*** Exercise materials ***
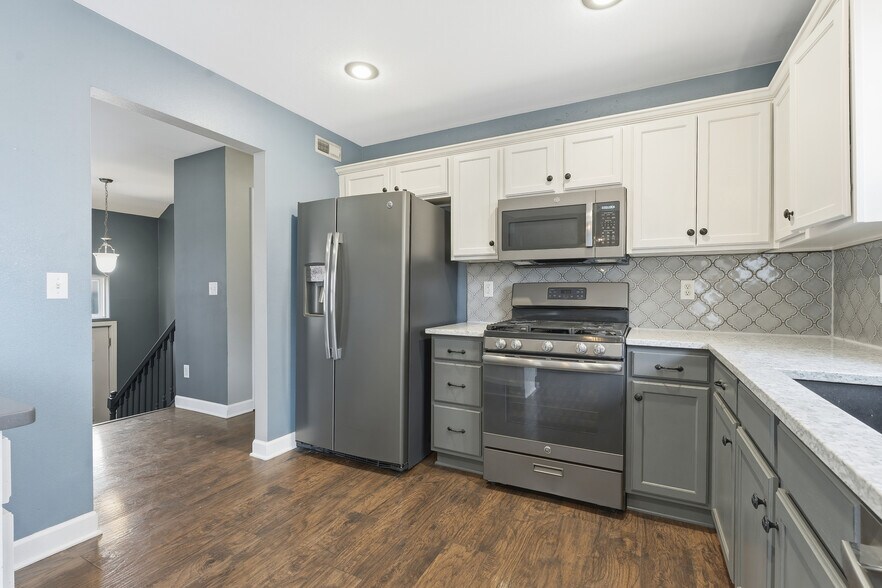 Building Photo - 11516 N Windsor Ave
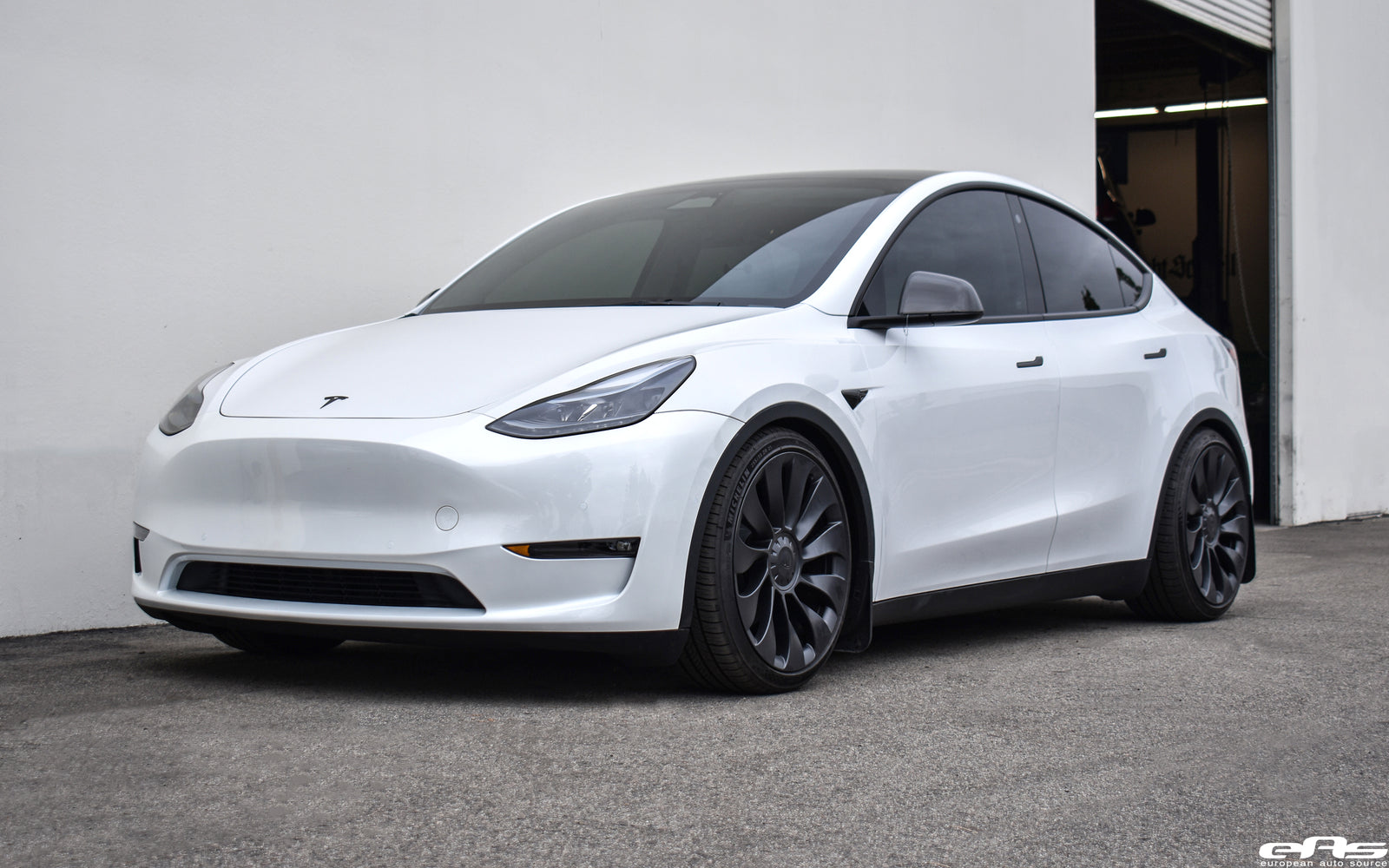 Tesla Model Y - KW V3 Coilovers, Aspira/H&R Wheel Spacers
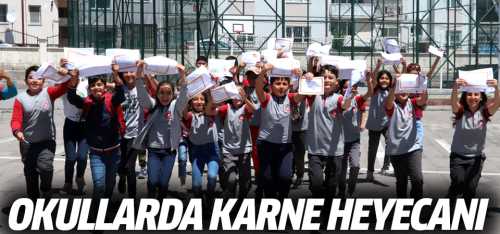 Çorum'da Okullarda karne heyecanı yaşandı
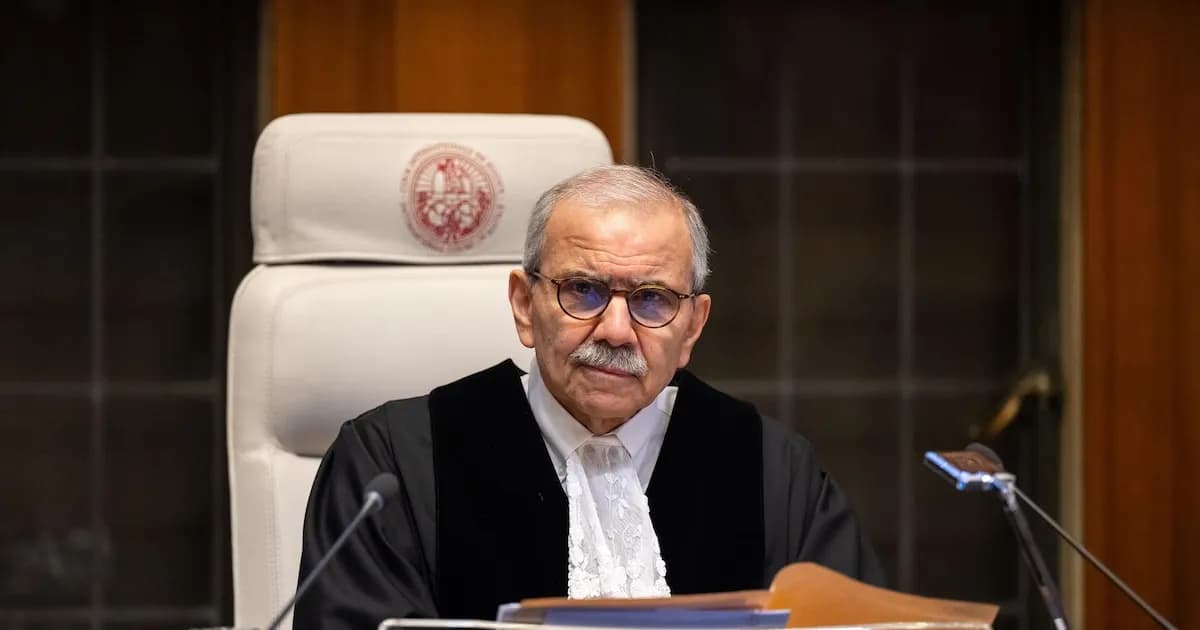 Líbano prohíbe las actividades militares de Hezbolá y exige la entrega de armas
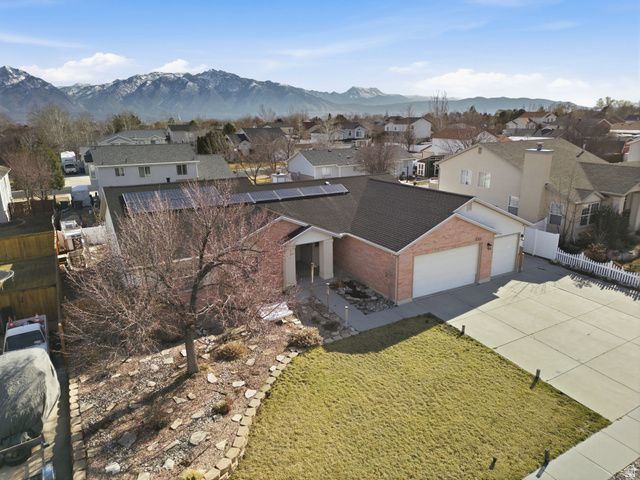 9327 S UINTA HILLS DR, West Jordan, UT 84088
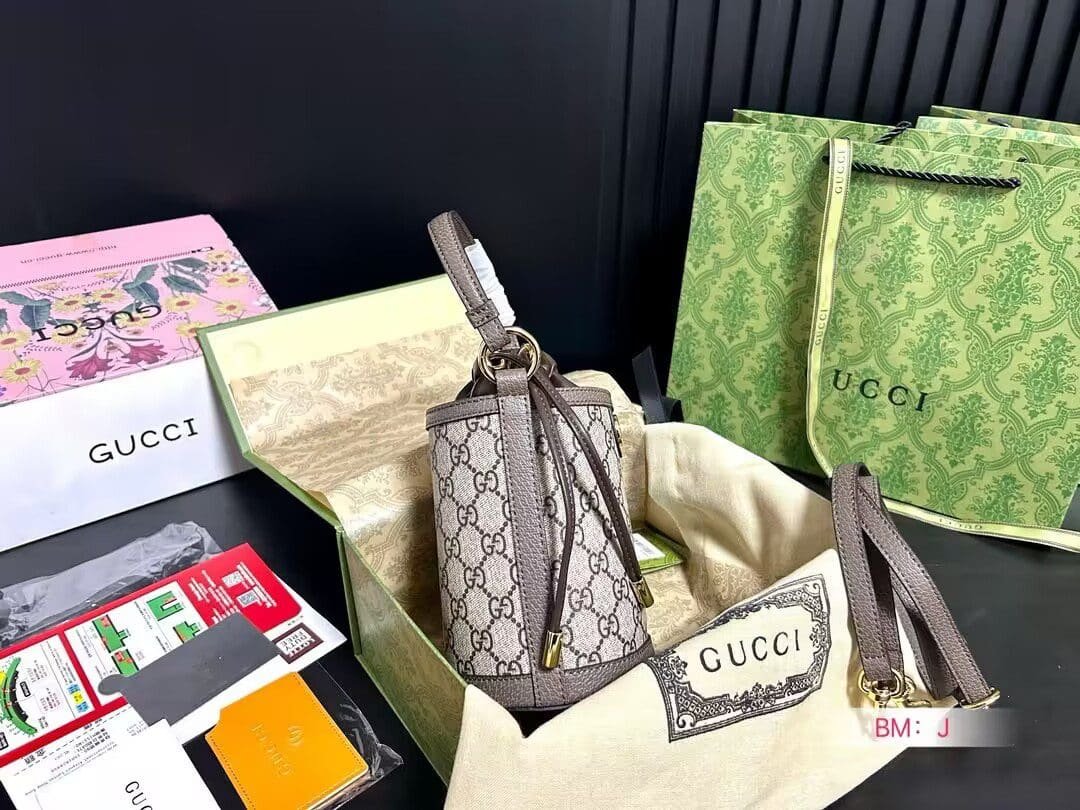 Gvc*1 OPHIDIA MINI BUCKET BAG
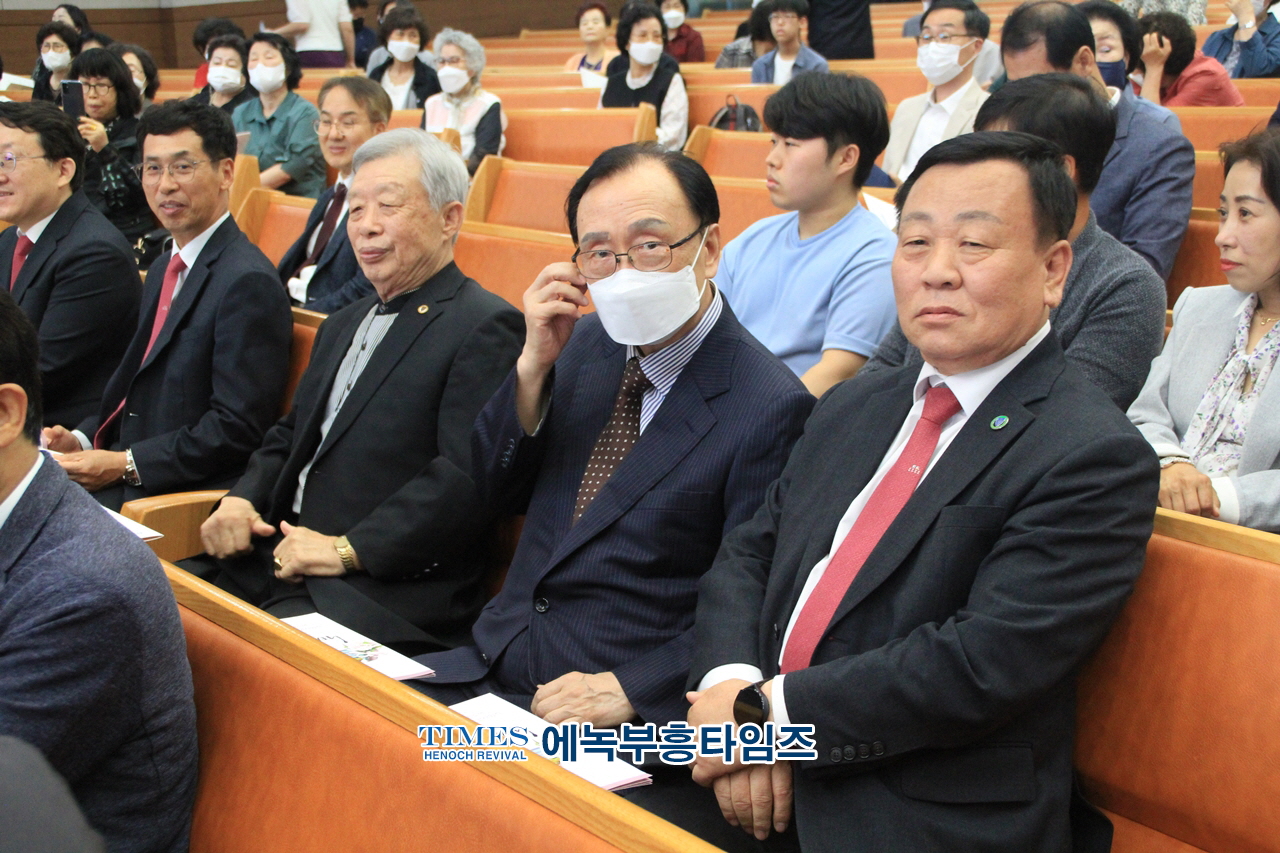 하늘꿈교회, 창립70주년 신용대 담임목사 성역40주년 감사예배 명예박사 학위수여식 및 은퇴 장로 찬하·취임, 권사임직식 가져.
*** End of Exercise materials ***
> Problem
Please set down, exactly and with nothing added, the lines from the line with "Tesla Model Y" to the end of the entries above, omitting pictures.

> Your solution
 Tesla Model Y - KW V3 Coilovers, Aspira/H&R Wheel Spacers
 Çorum'da Okullarda karne heyecanı yaşandı
 Líbano prohíbe las actividades militares de Hezbolá y exige la entrega de armas
 9327 S UINTA HILLS DR, West Jordan, UT 84088
 Gvc*1 OPHIDIA MINI BUCKET BAG
 하늘꿈교회, 창립70주년 신용대 담임목사 성역40주년 감사예배 명예박사 학위수여식 및 은퇴 장로 찬하·취임, 권사임직식 가져.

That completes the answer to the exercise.